= Ilyas Burney =

Indian economist

Professor Muhammad Ilyas (Elias) Burney (1890–1958) was the first head of Department of Economics at Osmania University, Hyderabad, India. He published about 40 books in Urdu, Persian, Arabic and English. He wrote the first book about Economics in Urdu, for which Sir Muhammad Iqbal complimented him in 1917. His other books in economics included Ilm ul Maaeshat (Knowledge of Economics), Muqaddima e Maashiyat (Treatise of Economics / Translation) and Indian Economics.

Burney is particularly known for his monumental work on the Ahmadiyya religion. His Urdu book. Qadiani Muzhab (Ahmadiyya Faith), is considered a comprehensive study on the subject. It was also translated into Arabic as Adiyanatul al Qadianiah by Maulana Abdul Quddoos Nadvi. Among his other quoted books are Mishkat-us-Salawat, which is a collection of poetry in praise of the Islamic prophet Muhammad. He was also appointed by Muhammed Ali Jinnah to the Planning Committee of Pakistan. However, after the partition of India he decided to remain in India.

He was born at Khorja district Bulandshahr, Uttar Pradesh, British India on 19 April 1890. An award-winning student throughout, after his initial education at Khorja high school he went on to Aligarh Muslim College & University to finish his MA & LLB with distinction. At Aligarh he associated himself with Ziauddin Ahmed in the promotion of the university and also taught economics there to BA classes for two years. Character building of youth was his favourite theme. His acquaintances and friends liked their sons to be in his company.
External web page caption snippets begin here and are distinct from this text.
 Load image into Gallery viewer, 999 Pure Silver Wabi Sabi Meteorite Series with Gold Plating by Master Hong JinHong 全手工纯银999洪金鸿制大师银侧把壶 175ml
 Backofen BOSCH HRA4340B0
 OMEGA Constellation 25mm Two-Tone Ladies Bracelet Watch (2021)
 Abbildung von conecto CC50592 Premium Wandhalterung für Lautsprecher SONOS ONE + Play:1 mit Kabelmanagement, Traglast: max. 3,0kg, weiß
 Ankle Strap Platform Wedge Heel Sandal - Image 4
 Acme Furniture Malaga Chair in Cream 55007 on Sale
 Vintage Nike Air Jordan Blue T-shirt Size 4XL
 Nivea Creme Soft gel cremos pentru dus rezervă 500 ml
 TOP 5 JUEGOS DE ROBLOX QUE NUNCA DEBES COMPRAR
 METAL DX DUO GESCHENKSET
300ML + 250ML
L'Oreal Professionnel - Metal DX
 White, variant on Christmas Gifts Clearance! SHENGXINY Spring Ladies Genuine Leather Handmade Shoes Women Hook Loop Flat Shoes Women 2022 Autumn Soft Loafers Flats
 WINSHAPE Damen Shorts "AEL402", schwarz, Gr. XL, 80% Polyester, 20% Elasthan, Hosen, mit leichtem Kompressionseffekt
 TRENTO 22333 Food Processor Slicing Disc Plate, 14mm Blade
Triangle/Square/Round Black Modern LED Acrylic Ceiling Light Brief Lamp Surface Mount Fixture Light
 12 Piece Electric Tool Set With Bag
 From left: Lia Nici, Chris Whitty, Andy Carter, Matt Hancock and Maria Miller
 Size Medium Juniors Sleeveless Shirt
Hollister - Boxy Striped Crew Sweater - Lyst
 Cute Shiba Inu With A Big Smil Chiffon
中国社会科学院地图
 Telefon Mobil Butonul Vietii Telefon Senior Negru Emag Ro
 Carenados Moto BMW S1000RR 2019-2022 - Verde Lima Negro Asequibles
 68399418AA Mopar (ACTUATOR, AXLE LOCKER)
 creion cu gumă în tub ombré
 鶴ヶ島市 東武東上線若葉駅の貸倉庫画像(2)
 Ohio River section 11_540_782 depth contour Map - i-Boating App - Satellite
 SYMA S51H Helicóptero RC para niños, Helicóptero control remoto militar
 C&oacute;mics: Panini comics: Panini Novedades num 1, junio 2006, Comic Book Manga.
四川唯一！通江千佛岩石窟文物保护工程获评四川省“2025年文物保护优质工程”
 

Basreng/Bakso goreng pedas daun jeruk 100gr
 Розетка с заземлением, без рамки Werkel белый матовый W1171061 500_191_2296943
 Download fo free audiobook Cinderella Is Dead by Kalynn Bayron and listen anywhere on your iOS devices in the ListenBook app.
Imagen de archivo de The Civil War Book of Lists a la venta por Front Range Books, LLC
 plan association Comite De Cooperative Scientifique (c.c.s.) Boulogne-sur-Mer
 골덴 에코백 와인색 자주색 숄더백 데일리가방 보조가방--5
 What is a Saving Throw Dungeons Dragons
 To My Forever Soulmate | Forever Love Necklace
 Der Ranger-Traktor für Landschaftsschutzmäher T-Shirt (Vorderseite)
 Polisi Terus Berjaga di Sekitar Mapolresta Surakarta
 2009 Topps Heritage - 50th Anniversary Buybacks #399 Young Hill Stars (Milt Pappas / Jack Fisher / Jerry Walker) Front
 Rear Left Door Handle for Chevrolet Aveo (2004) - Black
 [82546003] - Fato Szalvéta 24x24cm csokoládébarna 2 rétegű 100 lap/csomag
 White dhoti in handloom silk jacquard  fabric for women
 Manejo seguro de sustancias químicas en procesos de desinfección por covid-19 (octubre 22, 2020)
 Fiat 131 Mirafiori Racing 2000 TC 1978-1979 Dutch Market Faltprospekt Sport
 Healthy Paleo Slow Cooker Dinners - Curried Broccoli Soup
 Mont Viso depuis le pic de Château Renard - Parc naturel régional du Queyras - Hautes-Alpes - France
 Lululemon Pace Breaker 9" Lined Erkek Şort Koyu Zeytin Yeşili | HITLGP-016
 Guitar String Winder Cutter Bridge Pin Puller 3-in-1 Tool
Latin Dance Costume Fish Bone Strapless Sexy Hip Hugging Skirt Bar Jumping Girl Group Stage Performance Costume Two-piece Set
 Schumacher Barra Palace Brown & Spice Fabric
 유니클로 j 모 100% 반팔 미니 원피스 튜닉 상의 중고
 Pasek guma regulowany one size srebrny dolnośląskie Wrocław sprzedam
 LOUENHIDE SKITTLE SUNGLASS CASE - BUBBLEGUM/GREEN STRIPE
A keen athlete and sportsman himself since his younger days he encouraged youth to participate in sports activities. At Osmania he was the President of the Football Club. Nizam of Hyderabad entrusted to him the role of tutor to the royal princes Prince Mukarram Jah and his brother Muqaffamjah.

In 1917, the government of the Nizam urgently sought his services for the newly created Translation Bureau as a translator of economics (for translation from English and other languages into Urdu). From there he moved on to teach at Osmania University and in due course assumed the position of head of the economics department. As he continued to serve at Osmania University, some of the other positions he held there included Director of Translation Bureau, Director of Dairatul Maarif and Registrar of the University.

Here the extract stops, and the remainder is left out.